=== SOURCE MATERIAL ===
★ ★ ★ ★ ★ ★ ★
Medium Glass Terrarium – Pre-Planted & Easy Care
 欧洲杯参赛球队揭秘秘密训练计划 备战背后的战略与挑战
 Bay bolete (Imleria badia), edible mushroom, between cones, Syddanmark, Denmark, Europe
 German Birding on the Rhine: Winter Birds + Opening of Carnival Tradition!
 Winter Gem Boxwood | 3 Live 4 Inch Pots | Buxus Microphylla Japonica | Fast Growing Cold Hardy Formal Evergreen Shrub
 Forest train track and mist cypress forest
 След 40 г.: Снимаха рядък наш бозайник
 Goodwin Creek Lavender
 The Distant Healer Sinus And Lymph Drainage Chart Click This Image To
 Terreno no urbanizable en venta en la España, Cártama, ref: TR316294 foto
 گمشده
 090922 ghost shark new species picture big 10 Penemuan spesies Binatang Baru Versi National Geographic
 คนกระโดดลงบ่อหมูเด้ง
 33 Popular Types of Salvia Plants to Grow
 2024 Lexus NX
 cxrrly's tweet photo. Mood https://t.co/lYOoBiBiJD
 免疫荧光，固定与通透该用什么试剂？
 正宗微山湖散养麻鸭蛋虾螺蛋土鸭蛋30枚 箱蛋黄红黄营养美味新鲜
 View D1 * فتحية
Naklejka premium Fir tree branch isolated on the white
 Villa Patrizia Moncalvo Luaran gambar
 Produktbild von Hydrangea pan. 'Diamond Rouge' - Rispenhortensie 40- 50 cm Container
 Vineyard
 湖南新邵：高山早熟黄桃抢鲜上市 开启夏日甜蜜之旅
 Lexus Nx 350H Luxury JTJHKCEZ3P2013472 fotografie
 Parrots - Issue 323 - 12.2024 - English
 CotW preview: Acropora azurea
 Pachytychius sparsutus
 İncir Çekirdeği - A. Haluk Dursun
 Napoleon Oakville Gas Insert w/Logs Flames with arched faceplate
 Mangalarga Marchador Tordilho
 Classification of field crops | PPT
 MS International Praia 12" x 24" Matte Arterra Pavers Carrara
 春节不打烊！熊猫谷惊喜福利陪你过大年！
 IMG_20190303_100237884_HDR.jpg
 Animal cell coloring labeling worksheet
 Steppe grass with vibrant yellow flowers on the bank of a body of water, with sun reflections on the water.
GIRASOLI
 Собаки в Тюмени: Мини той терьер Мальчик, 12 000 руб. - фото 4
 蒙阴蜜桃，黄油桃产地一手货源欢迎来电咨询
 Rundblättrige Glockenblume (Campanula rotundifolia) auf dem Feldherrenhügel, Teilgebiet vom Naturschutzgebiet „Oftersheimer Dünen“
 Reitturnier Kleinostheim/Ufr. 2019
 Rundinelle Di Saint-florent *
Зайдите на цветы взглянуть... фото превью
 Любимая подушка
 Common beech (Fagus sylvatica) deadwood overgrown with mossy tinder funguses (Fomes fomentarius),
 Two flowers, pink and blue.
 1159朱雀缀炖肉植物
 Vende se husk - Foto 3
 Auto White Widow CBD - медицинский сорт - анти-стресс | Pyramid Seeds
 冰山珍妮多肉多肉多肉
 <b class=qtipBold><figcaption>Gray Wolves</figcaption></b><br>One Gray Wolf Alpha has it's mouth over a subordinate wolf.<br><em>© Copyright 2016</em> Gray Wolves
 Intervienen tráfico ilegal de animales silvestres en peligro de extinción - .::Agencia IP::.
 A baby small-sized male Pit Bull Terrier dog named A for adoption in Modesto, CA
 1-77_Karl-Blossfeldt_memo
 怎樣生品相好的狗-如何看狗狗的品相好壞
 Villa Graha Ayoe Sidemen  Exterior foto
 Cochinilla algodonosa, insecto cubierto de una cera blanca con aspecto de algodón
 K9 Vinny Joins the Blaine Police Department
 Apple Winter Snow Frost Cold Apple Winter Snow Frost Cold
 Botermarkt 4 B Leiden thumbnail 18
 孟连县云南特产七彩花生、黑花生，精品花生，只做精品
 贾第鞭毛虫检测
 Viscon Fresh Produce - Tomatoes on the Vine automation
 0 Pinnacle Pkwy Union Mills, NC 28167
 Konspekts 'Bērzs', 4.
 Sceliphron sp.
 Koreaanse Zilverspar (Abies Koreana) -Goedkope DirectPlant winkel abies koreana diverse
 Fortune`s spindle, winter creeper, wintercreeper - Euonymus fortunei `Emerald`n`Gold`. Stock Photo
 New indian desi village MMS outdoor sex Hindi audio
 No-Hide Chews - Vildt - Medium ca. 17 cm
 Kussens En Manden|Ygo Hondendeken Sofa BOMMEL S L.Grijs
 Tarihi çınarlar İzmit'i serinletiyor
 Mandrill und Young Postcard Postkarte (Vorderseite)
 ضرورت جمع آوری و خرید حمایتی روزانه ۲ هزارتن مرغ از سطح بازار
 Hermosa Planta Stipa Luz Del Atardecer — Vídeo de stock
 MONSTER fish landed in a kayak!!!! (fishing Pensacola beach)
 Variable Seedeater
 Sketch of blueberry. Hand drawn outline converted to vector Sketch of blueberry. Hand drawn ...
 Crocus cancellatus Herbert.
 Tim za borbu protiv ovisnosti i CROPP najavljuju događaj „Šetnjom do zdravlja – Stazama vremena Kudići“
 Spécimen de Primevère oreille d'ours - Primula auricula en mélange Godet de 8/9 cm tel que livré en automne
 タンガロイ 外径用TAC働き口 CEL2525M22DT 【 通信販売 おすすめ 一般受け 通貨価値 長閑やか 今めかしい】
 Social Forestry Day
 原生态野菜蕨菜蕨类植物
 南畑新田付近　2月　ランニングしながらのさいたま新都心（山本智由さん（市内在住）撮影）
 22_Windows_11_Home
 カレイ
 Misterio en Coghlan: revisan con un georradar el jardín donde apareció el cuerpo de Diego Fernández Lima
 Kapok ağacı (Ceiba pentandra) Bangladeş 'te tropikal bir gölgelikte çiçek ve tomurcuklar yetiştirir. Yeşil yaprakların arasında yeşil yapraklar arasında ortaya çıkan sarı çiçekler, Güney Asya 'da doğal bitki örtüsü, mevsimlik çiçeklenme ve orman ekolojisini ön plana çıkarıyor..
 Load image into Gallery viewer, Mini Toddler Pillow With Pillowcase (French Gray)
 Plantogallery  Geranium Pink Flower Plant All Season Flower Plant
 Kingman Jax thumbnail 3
★ ★ ★ ★ ★ ★ ★
=== EXERCISE INSTRUCTIONS ===
Wherever a line of the listing above contains the string "Medium", copy that line.

=== WRITTEN SOLUTION ===
Medium Glass Terrarium – Pre-Planted & Easy Care
 No-Hide Chews - Vildt - Medium ca. 17 cm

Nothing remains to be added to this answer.